Situated in the south of Peru, within the vast Nazca Desert, the Nazca Lines comprise hundreds of millenary geoglyphs attributed to the Nazca civilisation, which is believed to have inhabited the territory around the time their formation was estimated, namely between 400 and 650 AD. Similarly to many ancient inscriptions or constructions, geoglyphs have always been an object of fascination for the modern world, as their symmetry is indeed impressive considering the very early stages of social development they were created in.
More precisely located on the pampa, which is a large flat region in the south of Peru, the Nazca Desert is bounded by the towns of Nazca and Palpa and is described as having one of the harshest, most infertile climates on the globe, determined by the ever-present aridity. That feature itself was an auspicious condition for creating these admirable designs, as it ensured a very limited, quasi-inexistent impact of the natural elements on them. That is why they have been preserved in an optimal condition for such an extended period of time.
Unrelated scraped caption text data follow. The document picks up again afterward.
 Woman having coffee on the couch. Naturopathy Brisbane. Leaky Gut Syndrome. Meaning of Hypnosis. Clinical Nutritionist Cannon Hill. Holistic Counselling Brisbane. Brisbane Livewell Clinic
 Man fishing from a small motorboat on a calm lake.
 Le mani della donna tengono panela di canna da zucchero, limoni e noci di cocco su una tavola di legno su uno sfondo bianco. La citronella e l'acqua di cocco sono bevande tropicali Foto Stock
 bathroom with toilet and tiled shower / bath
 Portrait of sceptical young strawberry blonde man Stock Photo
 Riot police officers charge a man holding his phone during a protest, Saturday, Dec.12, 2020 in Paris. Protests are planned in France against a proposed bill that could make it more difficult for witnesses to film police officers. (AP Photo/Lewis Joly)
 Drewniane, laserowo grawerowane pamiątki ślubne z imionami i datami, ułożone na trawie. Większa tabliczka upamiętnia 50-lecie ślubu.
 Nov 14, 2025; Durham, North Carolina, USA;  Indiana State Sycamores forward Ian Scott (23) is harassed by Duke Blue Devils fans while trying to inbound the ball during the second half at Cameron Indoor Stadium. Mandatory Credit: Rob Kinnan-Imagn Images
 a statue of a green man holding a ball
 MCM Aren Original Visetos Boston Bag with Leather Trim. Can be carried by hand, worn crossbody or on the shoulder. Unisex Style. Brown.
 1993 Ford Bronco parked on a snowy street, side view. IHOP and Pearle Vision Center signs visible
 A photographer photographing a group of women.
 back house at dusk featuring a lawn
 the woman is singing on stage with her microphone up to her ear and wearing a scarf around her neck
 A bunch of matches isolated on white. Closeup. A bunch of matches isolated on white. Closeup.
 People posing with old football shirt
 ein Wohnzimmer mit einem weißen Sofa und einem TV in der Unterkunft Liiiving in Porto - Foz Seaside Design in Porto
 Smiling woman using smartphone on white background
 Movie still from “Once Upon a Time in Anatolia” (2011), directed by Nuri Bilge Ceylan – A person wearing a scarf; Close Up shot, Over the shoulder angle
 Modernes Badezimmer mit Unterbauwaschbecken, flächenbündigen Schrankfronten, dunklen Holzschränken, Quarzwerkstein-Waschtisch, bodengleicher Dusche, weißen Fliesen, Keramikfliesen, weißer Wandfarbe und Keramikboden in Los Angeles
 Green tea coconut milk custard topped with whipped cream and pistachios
Each geoglyph consists of a number of conjoining straight or curved lines forming a certain figure, either simple, (such as a geometrical shape) or more intricate, such as the few dozens of animal representations, among them various types of birds, mammals, reptiles, sea life and insects, reflecting the diversity of the local biotopes at that particular point in time. Plant drawings and by far more complex human ones are present as well. Due to their importance, the Nazca Lines have been declared a UNESCO Heritage Site and are of great interest to any group or individual studying the ways of life as well as spirituality of ancient civilisations. They are also of significant importance for the touristic sector, as they are considered some of the most valuable geoglyphs in existence.